January 13th, 1982: Air Florida Flight 90 crashed into the Potomac River. Only six of the 74 passengers survived the crash and ended up in the icy water. While a helicopter was able to come in and snatch four of the 6 passengers one disappeared under the water while another – Priscilla Tirado – helplessly struggled in the 33 degree water. Unable to hold on to the rope lowered by the helicopter she began to drown. A bystander who witnessed the crash while he was walking home could not take it any longer. He could not stand there and watch this women drown. He removed his coat and jumped in the water. He swam over to her as she laid just under the water, grabbed her – and pulled her to the bank.
He saved her life.
This is the epitome of the Sheepdog.
Not everyone can jump into action and put themselves into harm’s way. Not everyone can be a Sheepdog. Can it be learned or developed? Probably. People are just wired in different ways.
I have had several situations where things were happening nearby and I could not just sit back and not get involved. Sometimes it was preventing someone from getting hurt. Sometimes it was standing up for someone. Sometimes it was helping someone who was already hurt. Risk evaluation has to be done but sometimes there just isn’t any time.
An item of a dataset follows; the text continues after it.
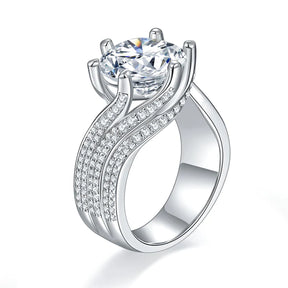 【02LIVE # link 37- BUY 1 GET 1 free ring 】R3-0011 S925 Silver Moissanite Diamond Ring Wedding 5ct Ring Deep Sea Coral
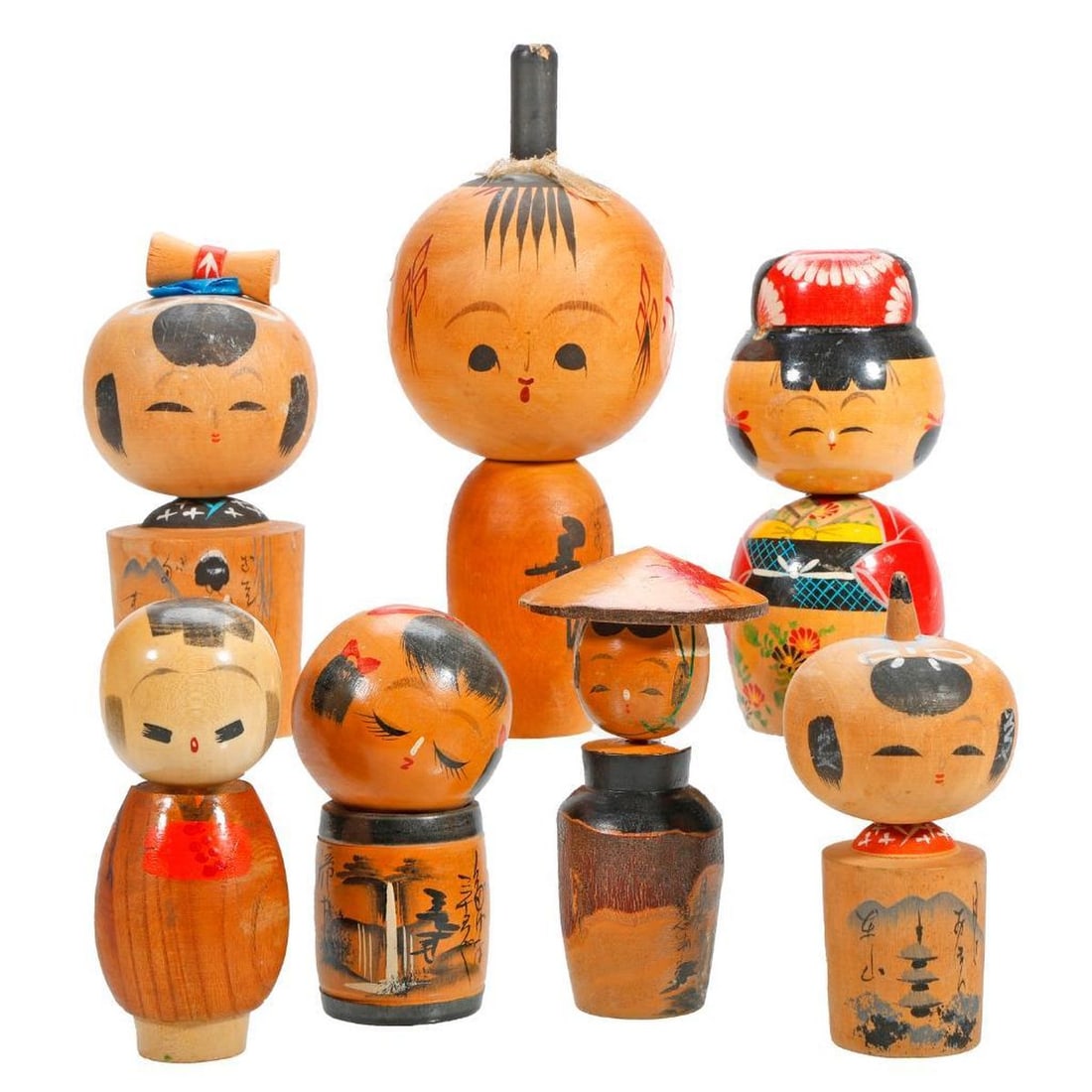 Ten Japanese Kokeshi Dolls - 2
Saturday evening I was walking through uptown Charlotte, NC with a friend. Walking down the sidewalk along the busy street I came towards a metal bench. I wasn’t looking at it rather just walking with my friend talking. In an instant I saw a child run around from the front of the bench to the back of it and then straight towards the car filled street. I didn’t think about it I just moved. I ran and grabbed the kid – about 2 years old – just inches from the street. Did I save the kids life? I don’t know. The father noticed the kid as well and put his hand out in front of the child right at the same time I got to him.
My heart was pounding in my chest. My buddy said he didn’t see anything and just saw me take off. Some big, muscular guy said his heart was racing because he thought the kid was going to get hit. I almost said it but didn’t – “Why did you just stand there?”
The answer to that question is not everyone reacts the same nor has the capability to react the same.
As for me – I will continue to mind my own business until it’s time NOT to mind my own business.